This article is written by a student writer from the Her Campus at Northwestern chapter.
Name: Daniel Bender Stern
Major: Theatre and Sociology
Hometown: Newton, Massachusetts
What do you do as part of SHAPE?
I’m the Events Marketing Chair, so I’m in charge of getting word about our events out to the general campus population however possible! Usually that means using standard student group marketing tactics, flyering and utilizing social media. But it’s also about trying to reach new groups who might not always come to our events, since I really believe everyone can benefit from engaging in these kinds of discussions.
What do you think is the most important thing that SHAPE does?
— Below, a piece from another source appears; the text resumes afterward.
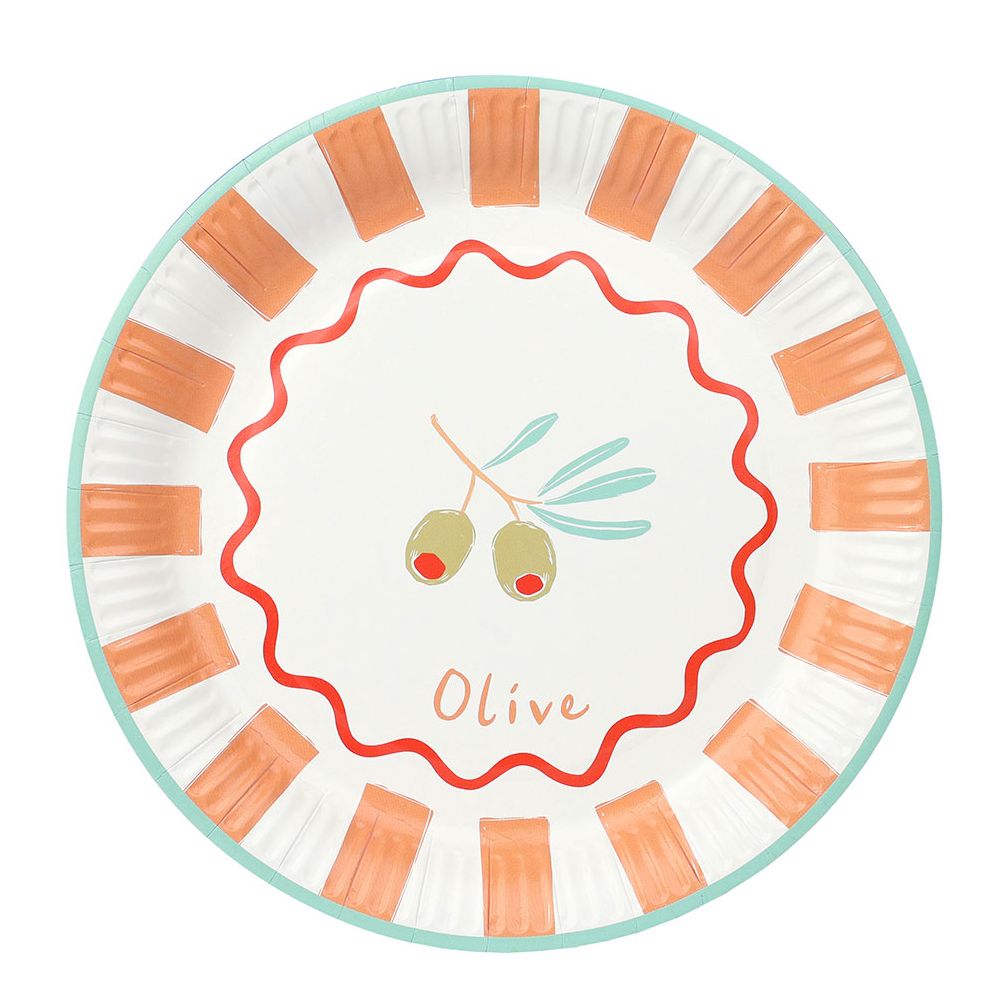 Bon Appetit Paper Plate S/12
In addition to providing people with important information and resources, I think that SHAPE starts some crucial conversations on campus about sexual health and sexual assault, from talking about the ENU with freshmen, to presentations in Greek life, to larger scale events, like when we screened “The Hunting Ground” last spring. For me, that element of dialogue is super important – getting people to critically engage with these issues and think about moving forward toward a healthier culture on campus.
How do you think NU can change the way we talk about sexual health?
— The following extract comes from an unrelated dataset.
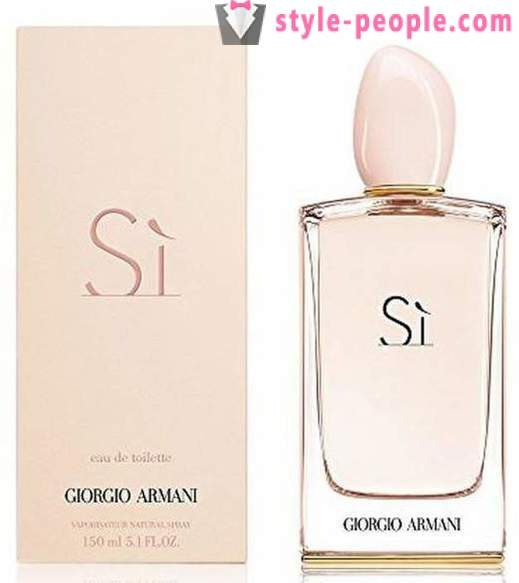 Parfüm Si Giorgio Armani: Beschreibung und Bewertungen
I think we can all move towards thinking about healthy sexuality as taking different forms for different people. In SHAPE, we strive to help people be safe and communicative in their sexuality, but within that we just want people to do what feels comfortable to them. And there shouldn’t be a stigma for being “too sexual” or “not sexual enough.” Your body, your choices, you know? Just keep it safe and consensual. So I would say the biggest thing would be removing that sense of judgment when we’re talking about people navigating their sexuality in a healthy manner.
SHAPE is hosting the “Hooking Up 101” presentation. How do you feel about the hookup and dating culture?
I feel good about any culture that involves active and consistent communication. It sounds pretty simple, but I think an issue people have with hookups is that it doesn’t feel like there’s as much room for communication. And that’s a definitely problematic or even dangerous aspect of hookup culture. That said, if the experience is communicative, safe and consensual, then it just comes down to what people are comfortable with, and I’m definitely supportive of that.
What would be your perfect date?
I’ve been into scary movies recently. If I can end the movie and not be terrified that you’re trying to kill me or something, that bodes well for our future.